Stacy , she is doing wonderfully  If my husband would only put her down long enough to meet and greet the others I could have seen how she was going to do with them. But instead , we put her in a large crate over night with shavings and a good amount of straw and hay and her own little water bowl. She had her own little apartment and was able to see the others too. Dreamer was bright and chipper and vocal this morning , lol. We still haven't put her with my other little ones , they have only met through their pens in the garage. Its nasty here right now , so they have the garage pens to hang out in till it clears up a bit , then they will go to the outside pens. Bob wanted to bring her in the house last night but i was afraid of the temperature change , so I had to squash that idea 
The garage stays a nice even temp for them , not too cold and not too warm and no wind or drafts. So , if it were up to me , i would have all my goats in here , lolol. But , we call the little ones , the babies , and they are basically permanent in there , lol. Until the Spring , and they can stay in the barn in their own stall  Dreamer is sooooooo snuggly and a joy to hold , she just gets herself comfy and she takes in everything while in safely in your arms . She seems to want to butt Yogi ( poor Yogi ) he just wants to be friends , lolol. He is beside himself now , lol. I would lay right next to her and cuddle up if she would only let him , lolol. Oh well , thats the breaks Yogi 
Dreamer has eaten well and her pee and poop is normal. She will be a great addition to my herd , and will be treated like the princess she 
is  Thank you so much for letting me have her , we love her already !
It was a pleasure meeting you , Liam and Julio yesterday , you were so nice and welcoming , I love Julios sense of humor , lol. And the young man Liam is just so handsome , and what a head of hair he has ! 
He will be a heartbreaker for sure once he gets older  Bungee cord will definitely be needed , lolol. You have a lovely place , what a great piece of property ! I know why its called Vineland now , lol. 
My goats would make short work of those vines for ya !  And they will fertilize for free too , lol. Thanks again for Dreamer and introducing me to your family and herd , I enjoyed talking to you and so did Yogi. He loves Jersey , so many friendly people  he wanted to visit Danielle and Sara and MaryBeth , but we had a long ride ahead of us. I promised him we would go visit Three Havens another time 
Pictures to come soon


----------



## StaceyRosado (Oct 5, 2007)

Thanks for the update Laura 
I think she will be on spoiled princess. I'm so glad your husband loves her too. It hurts that I couldn't give her such love myself but knowing I gave her the chance to receive it from you guys helps some. Look forward to pictures.


----------



## HorsePrerace (Jul 25, 2013)

She's so beautiful and sweet!


----------



## happybleats (Sep 12, 2010)

wow Stancy you did a wonderful thing...it doesnt make it hurt less when we give them up but when we know in our heart they are happy healthy and loved...then that makes it right!! And you could not have found a better place for her..Laura will love her ( if her hubby lets her lol) Its a good home...
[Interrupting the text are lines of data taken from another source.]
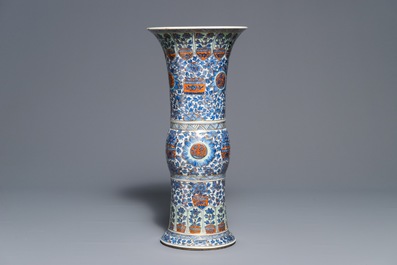 A clobbered Chinese blue and white 'gu' beaker vase, Kangxi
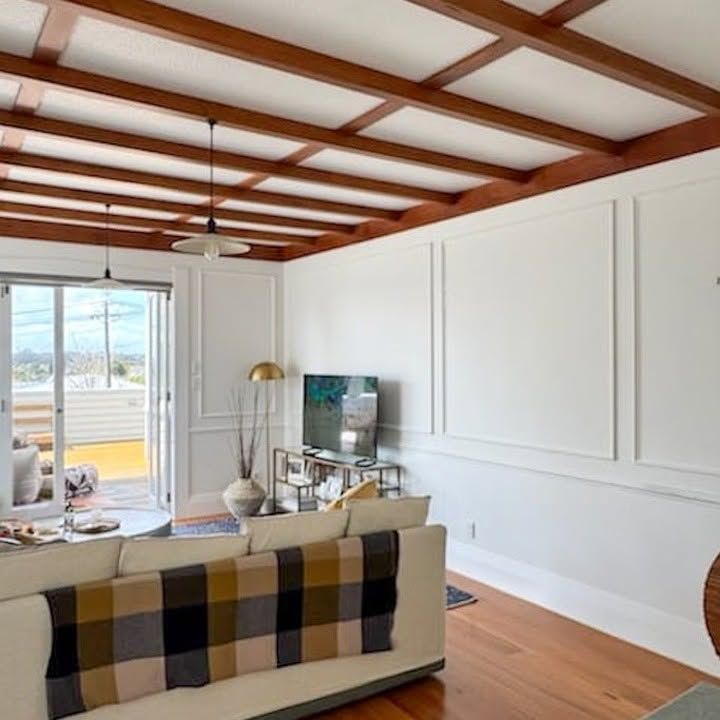 Room with wood beam Living room with black-framed bifold doors opening to a poolceiling and window view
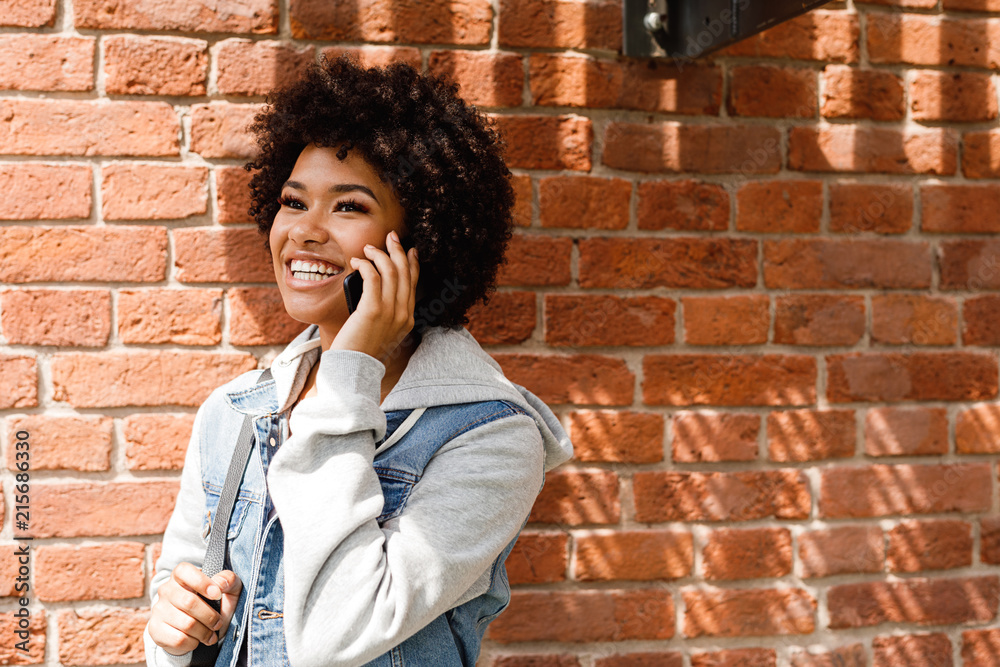 Portrait of a beautiful smiling woman talking on cell phone outdoors Portrait of a beautiful smiling woman talking on cell phone outdoors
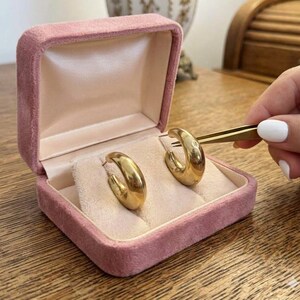 May include: A pair of thick, polished gold hoop earrings with a smooth, rounded surface. The earrings are displayed inside an open, square-shaped jewelry box covered in soft, dusty pink velvet with a light beige satin interior lining.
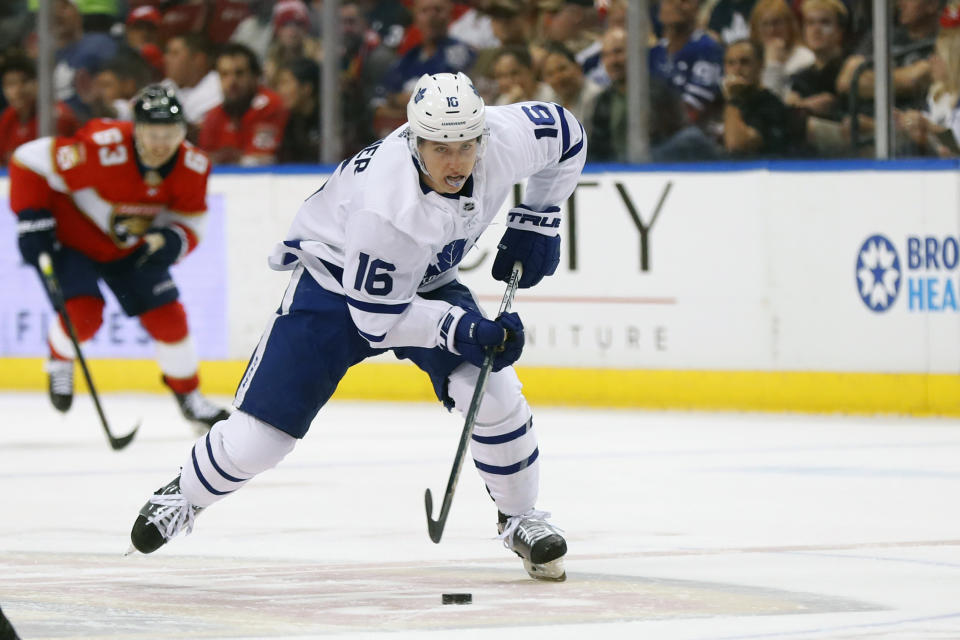 Toronto Maple Leafs right wing Mitchell Marner (16) takes the puck down the ice against Florida Panthers right wing Evgenii Dadonov (63) during the first period of an NHL hockey game, Sunday, Jan. 12, 2020, in Sunrise, Fla. (AP Photo/Wilfredo Lee)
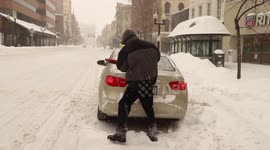 Northeast snowstorm: Man cleans off car in driving snow in downtown Albany
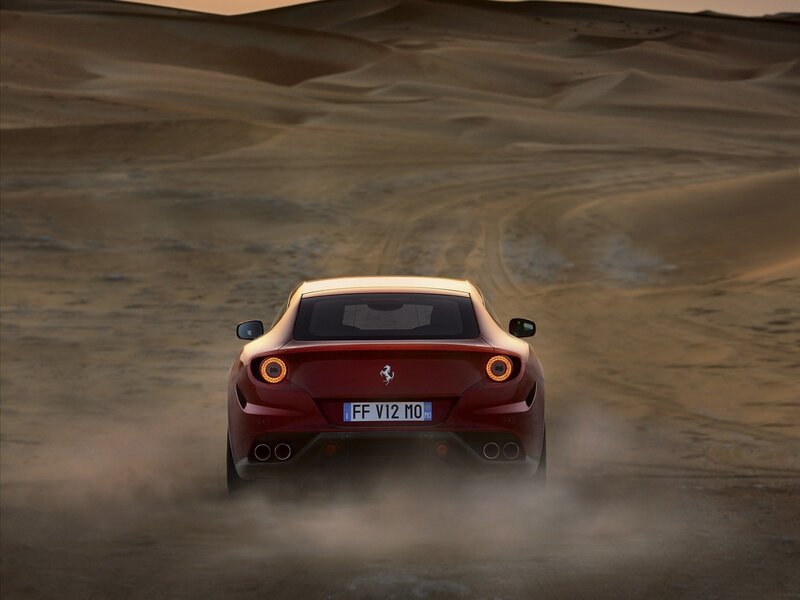 Red Ferrari in Desert — Dramatic, Sunset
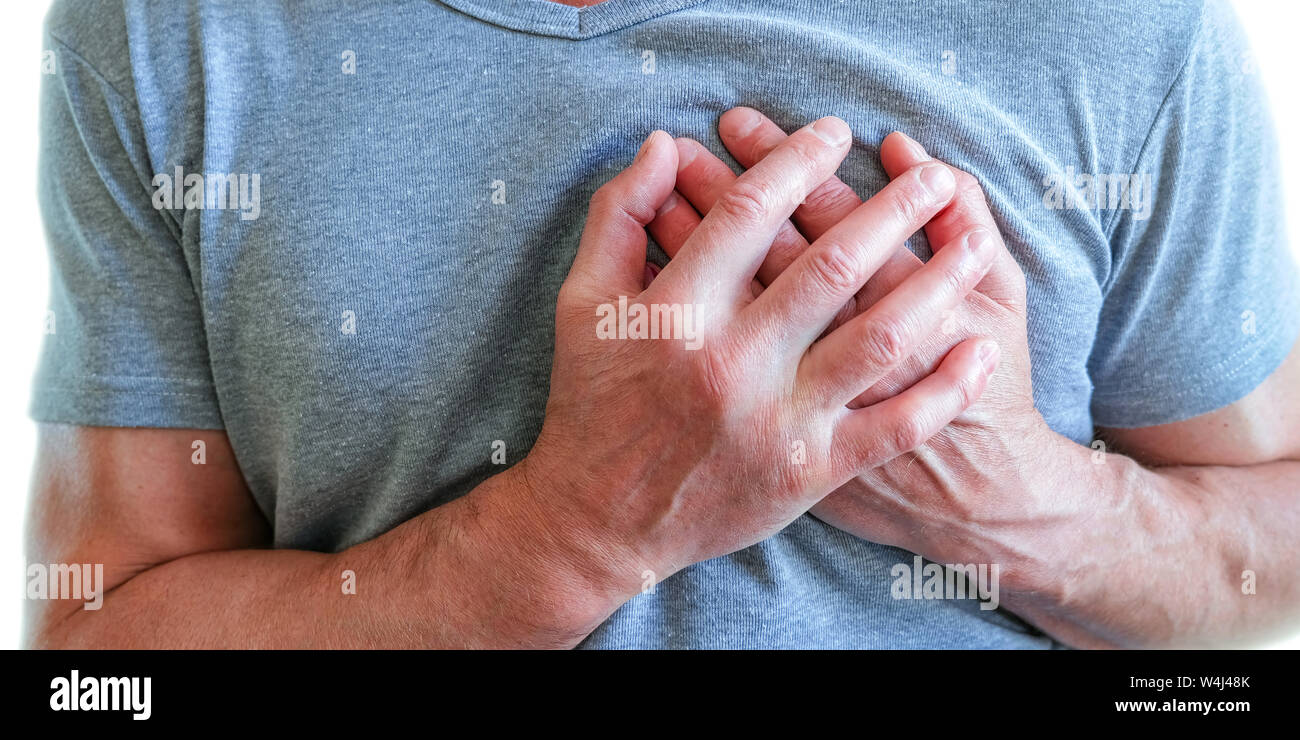 The man put his hands around the chest, pain in . Chest spasm, angina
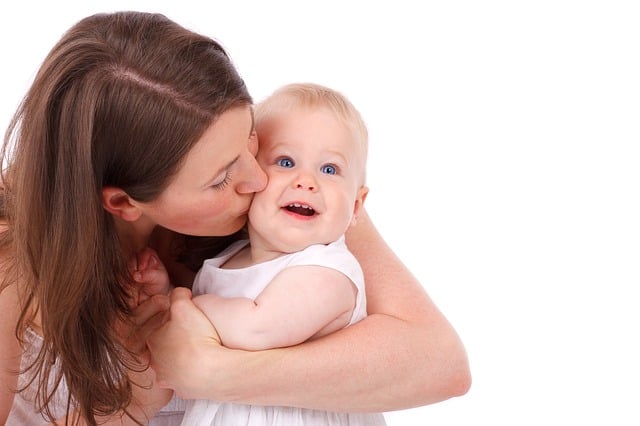 mother kissing her baby's cheek affectionately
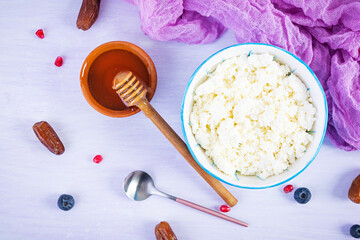 Cottage cheese with honey and berries on pink background. Light vegetarian breakfast. Top view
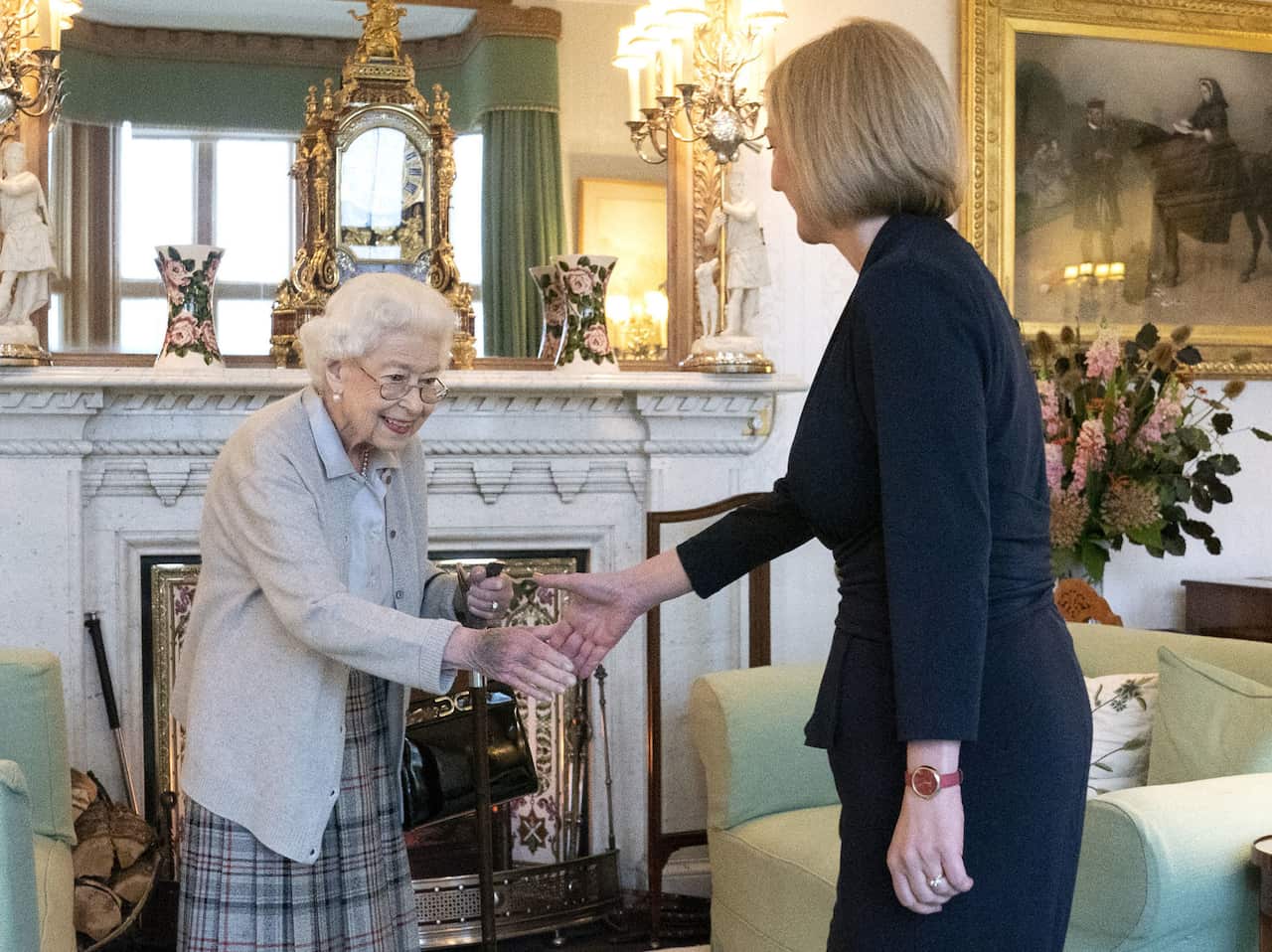The late Queen Elizabeth II and UK Prime Minister Liz Truss extending their arms as they are about to shake hands.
I bet Liam is growing leaps and bounds..he will be running after the goats in no time!!... many Blessings!!


----------



## Trickyroo (Sep 26, 2012)

Ok , I went a little overboard with the pics , :eye roll:
But I love her so much already :hugs: she is just perfect


----------



## Trickyroo (Sep 26, 2012)

A couple more , and that's it , promise :lol:


----------



## NyGoatMom (Jan 26, 2013)

Ok tricky~ I'm not crazy about dwarfs but she is pretty cute


----------



## Trickyroo (Sep 26, 2012)

We have been contemplating on changing her name…but the more i say Dreamer , the more i like it , so it's going to be a hard decision , lol.
We narrowed it down to two possibilities , Daphne or Sweetpea 
I knew a pony names Sweetpea who was a total love bug. And , I love the name Daphne , but I was going to reserve it for a Nubian baby. I would love to hear anyones comments here  Everytime I say Dreamer , the song from Supertramp plays in my mind !
And , then again , there is Ozzy's song Dreamer……..


----------



## Trickyroo (Sep 26, 2012)

Thanks , she is soooooo adorable , I can't take it , lolol. You just want to pick her up and cuddle her all the time ! I can understand why my husband is always holding her , lol. He scoops her up and walks around with her  I told him we should get one of those papooses to put her in , lolol.
She is laying at me feet right now ! It's warm out and the house is heated mainly by the wood stove , so its off right now and comfortable enough for her to be in and outside today. She has chased my cat up and down the stairs already , lol.
They seem to be enjoying themselves immensely  The cat stalks her , and she bleats and puts her head down as if to butt him and they chase each other ,lolol.
Too funny ! If someone told me five years ago that I would have a goat in my house playing with the cat I would have said they were doing the herbal for sure 
But seriously , I keep thinking of Peggy Sue and now Im contemplating on getting some clothes for her , lolol.


----------



## NyGoatMom (Jan 26, 2013)

Oh...sweetpea...all the way


----------



## Trickyroo (Sep 26, 2012)

One vote Sweetpea  Actually two , I like it too


----------



## NyGoatMom (Jan 26, 2013)

I just love her coloring....I haven't read the whole thread...is she a bit small?


----------



## StaceyRosado (Oct 5, 2007)

oh my thank you Laura.

My first thought when i saw them was "oh shes fine" not that I really thought otherwise but its nice to see she is comfortable with her new home. 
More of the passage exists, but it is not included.